Single by Sigur Rós

from the album Ágætis byrjun
- Released: 20 March 2000 (UK)
- Genre: Post-rock; ambient; dream pop; dark jazz;
- Length: 24:02
- Label: Fat Cat Records
- Songwriter: Sigur Rós
- Producer: Sigur Rós

Sigur Rós singles chronology
| "Svefn-g-englar" (1999) | "Ný batterí" (2000) | "Vaka" (2003) |

= Ný batterí =

"Ný batterí" (Icelandic for "new batteries") is a song by Sigur Rós, released as the second single from their album Ágætis byrjun in May 2000. The first track is an extended brass intro for "Ný batterí" (credited as "performed by the SS brass band"), followed by the title track. "Bíum bíum bambaló" is a traditional Icelandic lullaby, while "Dánarfregnir og jarðarfarir" was a theme used in Iceland for death announcements on radio. The third and fourth tracks also appear on the Angels of the Universe soundtrack.

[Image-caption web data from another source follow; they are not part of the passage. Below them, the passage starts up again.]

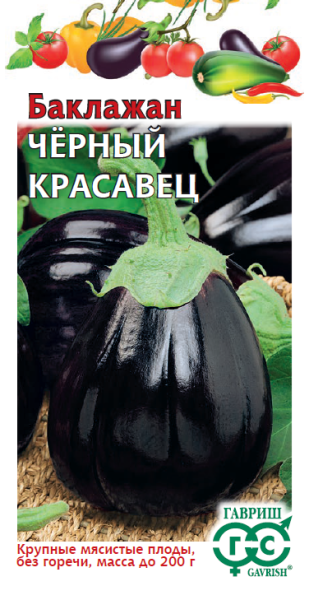 Баклажан Черный красавец 0,1г (Гавриш)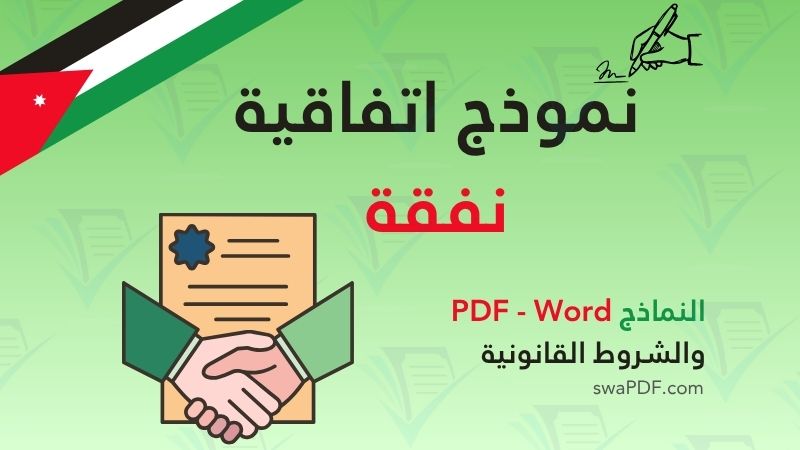 نموذج اتفاقية نفقة pdf الاردن نموذج اتفاقية نفقة pdf الاردن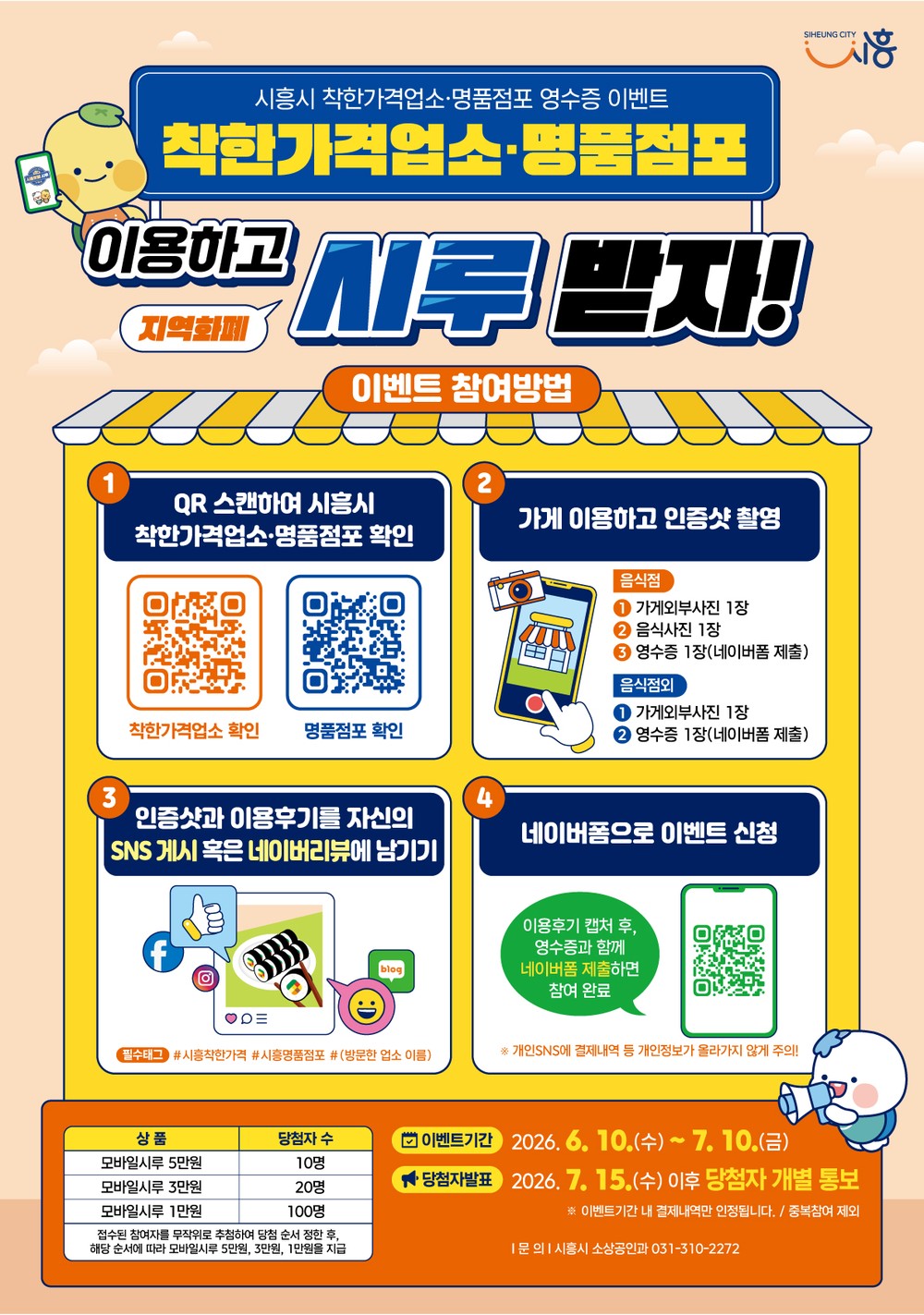 착한 소비하고 시루 받자, 시흥시, 착한가격업소·명품점포 2차 방문 이벤트 진행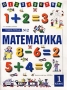 Математика Учебник-тетрадь № 2 для 1 класса четырехлетней начальной школы Издательство: Дрофа, 2002 г Мягкая обложка, 64 стр ISBN 5-7107-4794-7, 5-7107-5156-1 Тираж: 15000 экз Формат: 60x90/8 (~220х290 мм) инфо 7131l.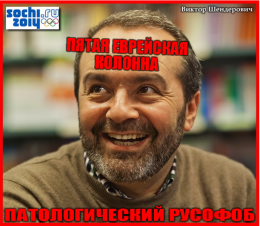 Новый патриотический сайт призывает депортировать евреев из РФ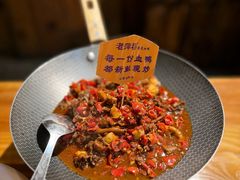 -老萍巷莲花血鸭·萍乡地标江西菜(步行街店)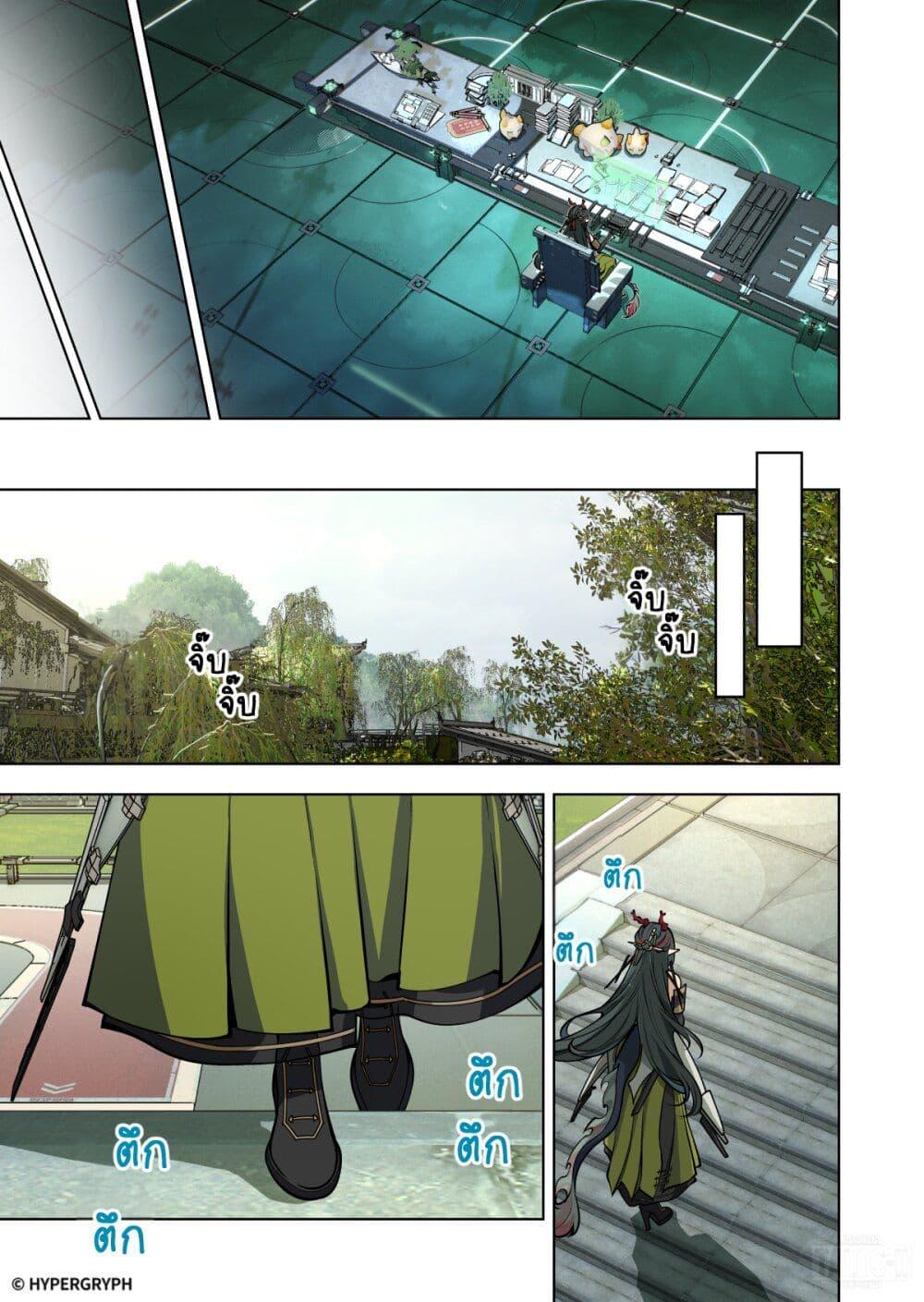 Manga-lc-com อ่านมังงะ อ่านการ์ตูน ออนไลน์ ฟรี Arknights Endfield [To Bloom] ตอนที่ 1 2 3 4 5 6 7 8 9 10 11 12 13 14 ฟรี ไม่มีโฆษณา Manga-lc - อ่าน มังงะ อ่าน การ์ตูน ออนไลน์ อ่านมังงะ ฟรี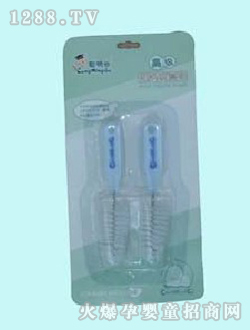 ����360����ƿˢ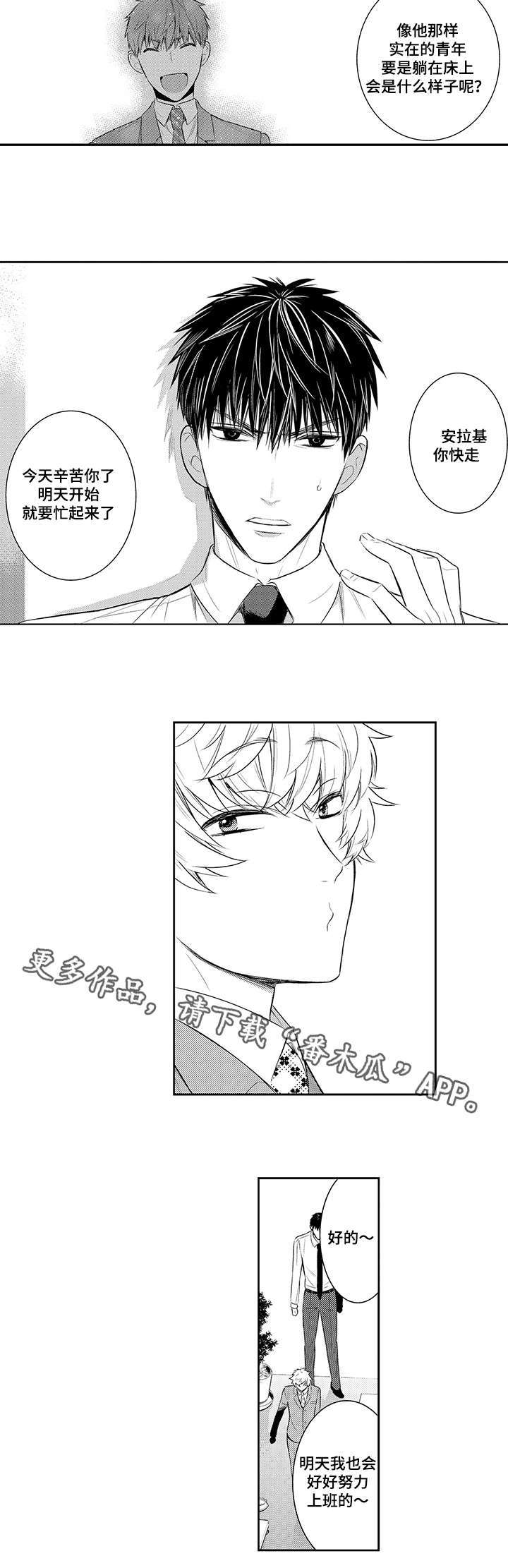 第72章：混乱7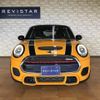 mini mini-others 2017 CFJ1691937 image 3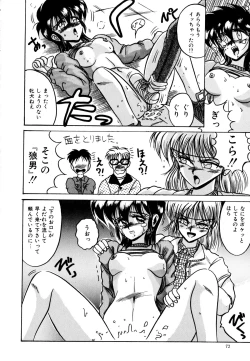 Page 72 of Ayumi-chan no Blue Valentine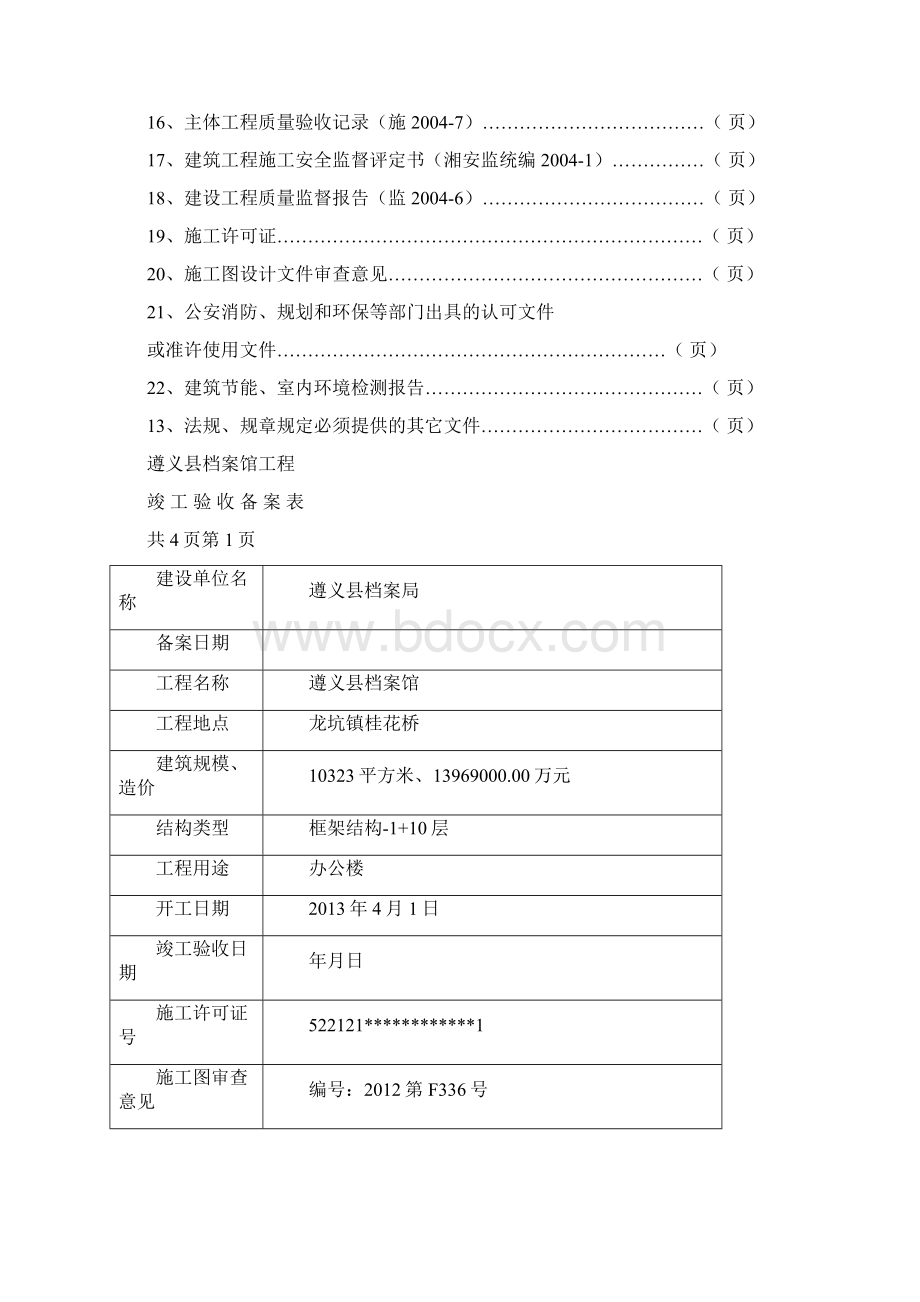 建设工程竣工验收备案表之欧阳科创编Word文件下载.docx_第2页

The cymbal used in "Ný batterí" was found on a street in downtown Reykjavík. The instrument was bent and had apparently been driven over. However, they liked the way it sounded and wrote the song from there.

==Track listing==

| No. | Title | English translation | Length |
|---|---|---|---|
| 1. | "Rafmagnið búið" | "The electricity is done" | 4:52 |
| 2. | "Ný batterí" | "New batteries" | 7:50 |
| 3. | "Bíum bíum bambaló" |  | 6:52 |
| 4. | "Dánarfregnir og jarðarfarir" | "Obituaries and funerals" | 4:29 |
| Total length: |  |  | 24:02 |

==Covers==
- The post-hardcore band Thursday covered this song as a bonus track on the Japanese version of their album War All The Time.